Records provided:
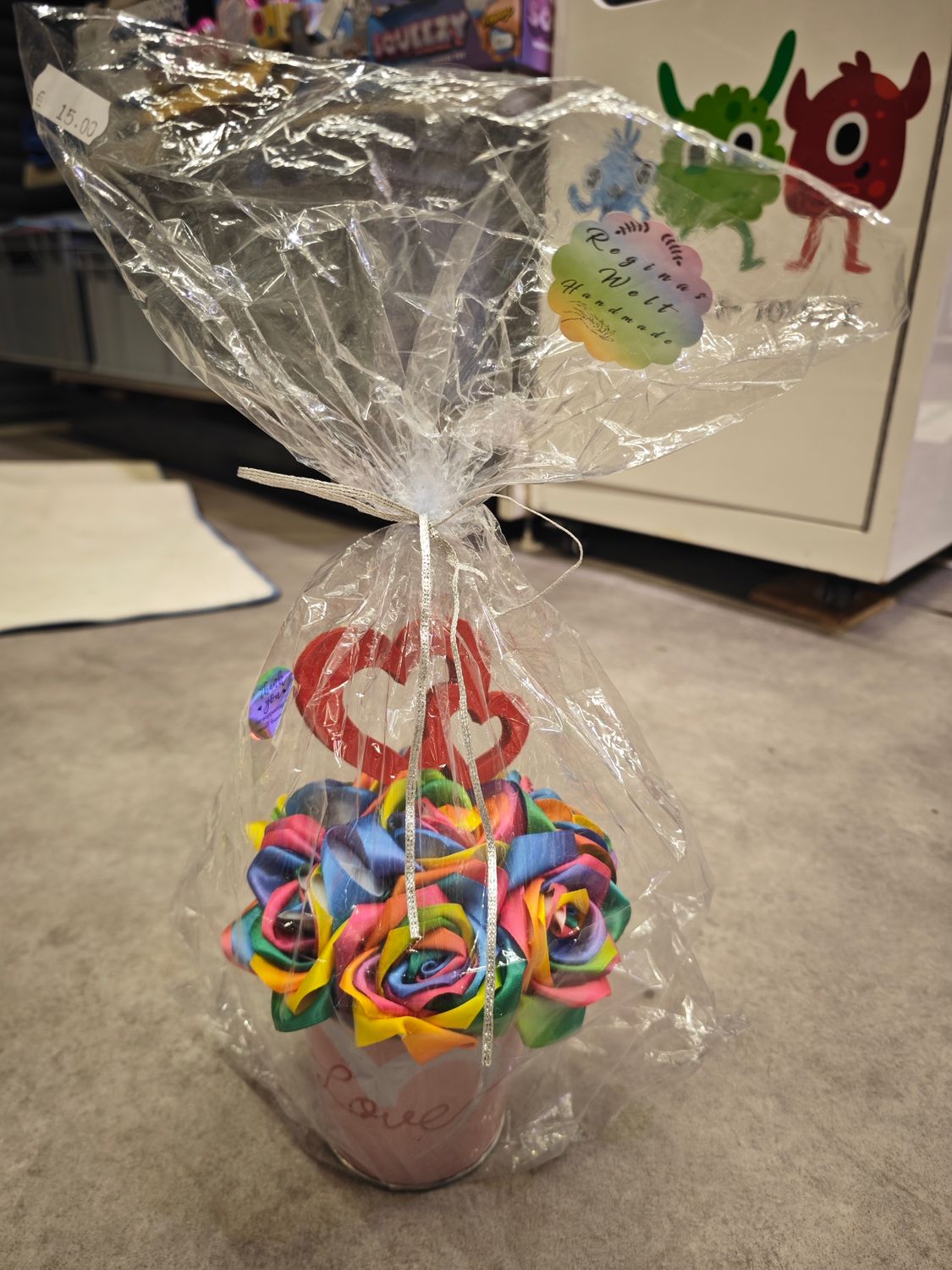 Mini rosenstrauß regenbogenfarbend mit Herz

--

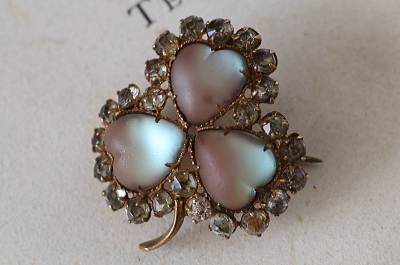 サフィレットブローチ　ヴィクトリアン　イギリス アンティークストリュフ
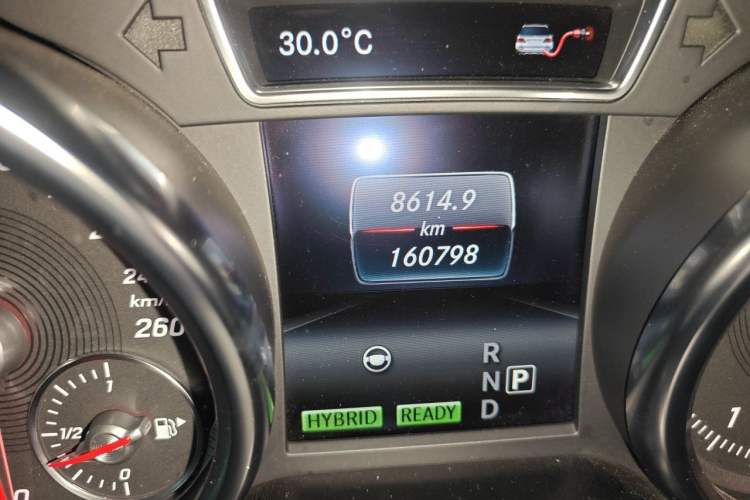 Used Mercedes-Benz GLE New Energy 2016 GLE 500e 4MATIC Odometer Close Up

How to complete this task: Above are the records; copy from them only the lines starting at the one containing "サフィレットブローチ　ヴィクトリアン　イギリス アンティークストリュフ" and ending at the one containing "Used Mercedes-Benz GLE", exactly and without pictures.

Result of the exercise:
 サフィレットブローチ　ヴィクトリアン　イギリス アンティークストリュフ
 Used Mercedes-Benz GLE New Energy 2016 GLE 500e 4MATIC Odometer Close Up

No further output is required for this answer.